Root it and install a custom ROM and you won't have that issue. However, if you like a stock phone they will probably replace your droid with a droid 2.

Quote:


Originally Posted by *SpykeZ* 
grrrrrrrrrrrrrrr I give up, I just won't use my damn android for music! These ******ed developers are all doing the same damn thing, copy each other.

I have an idea, let ME choose where my music is loaded from. GREAT IDEA. I'm quite a big fan of all the music files from games and ringtones NOT showing up on my playlists. I can't even "hide" them, no, they're either there or I delete them off my god damn phone

You'd think someone would have came up with a simple option like that before....


----------



## SpykeZ

I just talked to the developer of Zimly who's got the only decent working media app and said they were rebuilding the whole thing from scratch, asked me if I wanted to be a tester


----------



## Nhb93

Quote:


Originally Posted by *SpykeZ* 
I just talked to the developer of Zimly who's got the only decent working media app and said they were rebuilding the whole thing from scratch, asked me if I wanted to be a tester









Zimly didn't find the .avi movie I had on my SD card.

The plastic thing on the back of the phone that you can only see when you slide it open is starting to peel. Is there any negative effect if I just remove it outright?

Also, am I the only one who finds 2.2 SLOWER than 2.1? It seems that loading my home screen takes longer than it used to. I don't want to get a custom ROM just yet, but I'd love to speed this thing up like it used to be.


----------



## SpykeZ

I don't know what stock 2.2 is like lol, I've never been without launcher pro which drastically speeds it all up.
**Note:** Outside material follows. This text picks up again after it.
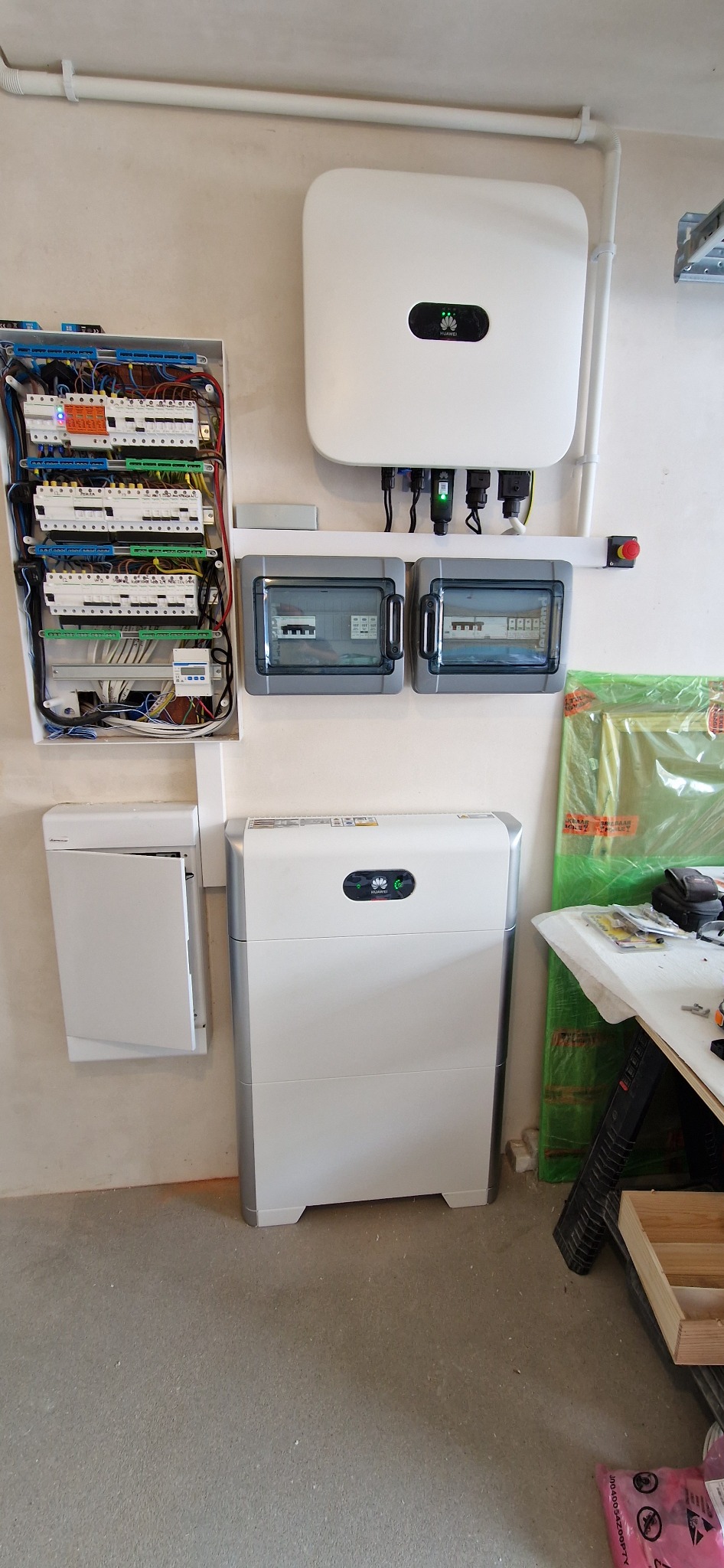 Instalacja magazynu energii Huawei LUNA2000 z rozdzielnicą elektryczną i zabezpieczeniami, widoczne kable i przyłącza.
As for the plastic thing, are you talking about that like, foam like square on the back of the battery cover? if so thats there to make sure your battery stays caput


----------



## Shadowclock

Quote:


Originally Posted by *SpykeZ* 
I don't know what stock 2.2 is like lol, I've never been without launcher pro which drastically speeds it all up.

As for the plastic thing, are you talking about that like, foam like square on the back of the battery cover? if so thats there to make sure your battery stays caput

If I set my 2.2 custom ROM to stock speeds I notice a significant slow down. Root away in my opinion.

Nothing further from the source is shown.